Thursday 20 August 2009

As I sit here on my bed on a warm Thursday evening listening to some epic Pink Floyd, it’s got my mind wondering once more about the world history of music. What makes such a great band a great band? Bit of a strange sentence I know, and worded horrifically in such a way that puts my English Language educational studies to shame, but it’s just on my mind. Now I live for music, and music keeps me going along with other things every day. Of course I love my Muse (as if you didn’t realise that!) but for me it would honestly be a crime to say that Muse are my choice for the greatest band of all time. In fact I’d feel downright angry if, at this stage of their career, I even suggested a thing. Definitely not, but perhaps I could offer a few choices for me.

The band who stand out as the greatest band of all time are a certain progressive rock band you may have heard of known as Pink Floyd. Yeah no-ones heard of these guys what with their many many albums, legendary pieces of musical history, feuds and arguments galore and incredibly atmospheric live performances. Joking asides though, they are the epitome for me of what music should be heard as. Their soulful, deep and simply bone chilling songs at times, whether it be the more psychadelic stuff that makes of Dark Side of  the Moon or the two CD epic that is The Wall, just everything about what they have done gets my infinite respect and there is simply no words to conceive how much admiration I have for them. When they performed at live 8 for the final time in 2004, at the end of a long day in Hyde Park, every Pink Floyd fan simply sat or stood there in awe, simply in awe, at one of the most historic moments for me in music and something that our newer generation of stars will never create. It was simply awe inspiring, and it gives me such shame to not grow up in their era and simply experience their back catalogue and read their stories in the way that I do now. Their albums were varied and epic, their stories were wild, gut-wrenching, and gripping at times, their arguments frustrating, but they were Pink Floyd.
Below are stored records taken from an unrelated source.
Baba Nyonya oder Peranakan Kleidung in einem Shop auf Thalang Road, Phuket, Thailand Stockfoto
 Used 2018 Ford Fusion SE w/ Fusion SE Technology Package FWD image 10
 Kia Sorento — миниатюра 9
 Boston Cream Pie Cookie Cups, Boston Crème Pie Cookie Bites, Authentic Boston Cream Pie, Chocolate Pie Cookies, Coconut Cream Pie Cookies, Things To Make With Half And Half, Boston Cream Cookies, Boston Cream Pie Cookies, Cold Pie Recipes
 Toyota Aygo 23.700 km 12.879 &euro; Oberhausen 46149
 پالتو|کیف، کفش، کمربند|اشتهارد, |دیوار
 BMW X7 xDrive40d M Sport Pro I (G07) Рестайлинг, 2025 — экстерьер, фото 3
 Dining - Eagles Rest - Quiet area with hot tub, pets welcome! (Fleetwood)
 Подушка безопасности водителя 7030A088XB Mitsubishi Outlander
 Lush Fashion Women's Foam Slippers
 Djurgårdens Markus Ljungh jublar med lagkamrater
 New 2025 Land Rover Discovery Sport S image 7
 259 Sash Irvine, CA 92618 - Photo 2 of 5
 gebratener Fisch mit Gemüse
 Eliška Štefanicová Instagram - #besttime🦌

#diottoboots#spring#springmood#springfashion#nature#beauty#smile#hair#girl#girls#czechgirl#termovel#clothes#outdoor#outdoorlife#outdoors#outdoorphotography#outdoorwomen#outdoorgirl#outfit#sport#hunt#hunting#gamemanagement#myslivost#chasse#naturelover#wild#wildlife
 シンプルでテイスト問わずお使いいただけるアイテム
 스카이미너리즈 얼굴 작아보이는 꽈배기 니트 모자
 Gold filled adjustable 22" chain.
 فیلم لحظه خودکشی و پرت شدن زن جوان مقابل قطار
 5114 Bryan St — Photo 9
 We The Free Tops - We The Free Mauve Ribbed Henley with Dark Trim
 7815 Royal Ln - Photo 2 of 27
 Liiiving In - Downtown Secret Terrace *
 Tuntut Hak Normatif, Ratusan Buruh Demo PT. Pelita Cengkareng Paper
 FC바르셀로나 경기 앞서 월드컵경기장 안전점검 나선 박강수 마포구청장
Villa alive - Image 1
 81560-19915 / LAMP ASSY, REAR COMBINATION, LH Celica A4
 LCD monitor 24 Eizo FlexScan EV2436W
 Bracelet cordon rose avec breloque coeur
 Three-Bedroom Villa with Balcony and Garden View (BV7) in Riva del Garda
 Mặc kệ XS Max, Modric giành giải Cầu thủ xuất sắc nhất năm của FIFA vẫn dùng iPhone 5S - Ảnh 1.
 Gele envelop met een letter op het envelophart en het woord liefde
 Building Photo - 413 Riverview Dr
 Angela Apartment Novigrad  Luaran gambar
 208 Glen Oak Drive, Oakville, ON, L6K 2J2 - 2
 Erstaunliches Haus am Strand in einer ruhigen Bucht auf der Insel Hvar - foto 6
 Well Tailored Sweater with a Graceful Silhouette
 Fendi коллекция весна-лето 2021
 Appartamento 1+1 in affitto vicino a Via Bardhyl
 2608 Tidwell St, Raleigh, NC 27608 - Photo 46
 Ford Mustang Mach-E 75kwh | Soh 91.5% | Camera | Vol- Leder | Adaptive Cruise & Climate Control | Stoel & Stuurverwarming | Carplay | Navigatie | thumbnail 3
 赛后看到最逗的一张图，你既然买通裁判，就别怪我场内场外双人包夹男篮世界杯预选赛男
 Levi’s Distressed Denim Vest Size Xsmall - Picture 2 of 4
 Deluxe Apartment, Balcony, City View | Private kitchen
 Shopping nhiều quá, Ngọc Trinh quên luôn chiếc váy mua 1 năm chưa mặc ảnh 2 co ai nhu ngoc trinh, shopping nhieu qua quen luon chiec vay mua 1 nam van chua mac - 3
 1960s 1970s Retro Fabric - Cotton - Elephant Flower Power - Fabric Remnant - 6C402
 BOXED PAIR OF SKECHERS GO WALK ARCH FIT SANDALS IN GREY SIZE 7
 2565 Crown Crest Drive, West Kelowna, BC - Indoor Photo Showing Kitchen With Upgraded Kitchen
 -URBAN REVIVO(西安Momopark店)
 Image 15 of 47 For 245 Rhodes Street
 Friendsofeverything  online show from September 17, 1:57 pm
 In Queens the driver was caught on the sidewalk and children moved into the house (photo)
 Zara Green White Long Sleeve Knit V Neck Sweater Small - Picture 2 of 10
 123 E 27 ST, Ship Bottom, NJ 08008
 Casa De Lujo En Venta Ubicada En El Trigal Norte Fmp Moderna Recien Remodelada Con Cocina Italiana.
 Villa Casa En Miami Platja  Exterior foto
Concerning that 2005 performance at Live 8, which in general was a woeful day with the likes of Pete Doherty wasting time, I will admit to you know that I sat there almost in tears late at night in the darkness just staring, gobsmacked. They played a few songs, Breathe, Wish You Were Here, and obviously Comfortably Numb come to mind and I think Money was on the short setlist too, but with their short time, they made the entire day. They simply were the star attraction and the perfect way to go out. Sadly, with the death of Richard Wright a few years later and continually ongoing arguments between Gilmour and Waters, it’s such a shame that we’ll never see this epic creation of music perform on the stage again. A musical tragedy in fact.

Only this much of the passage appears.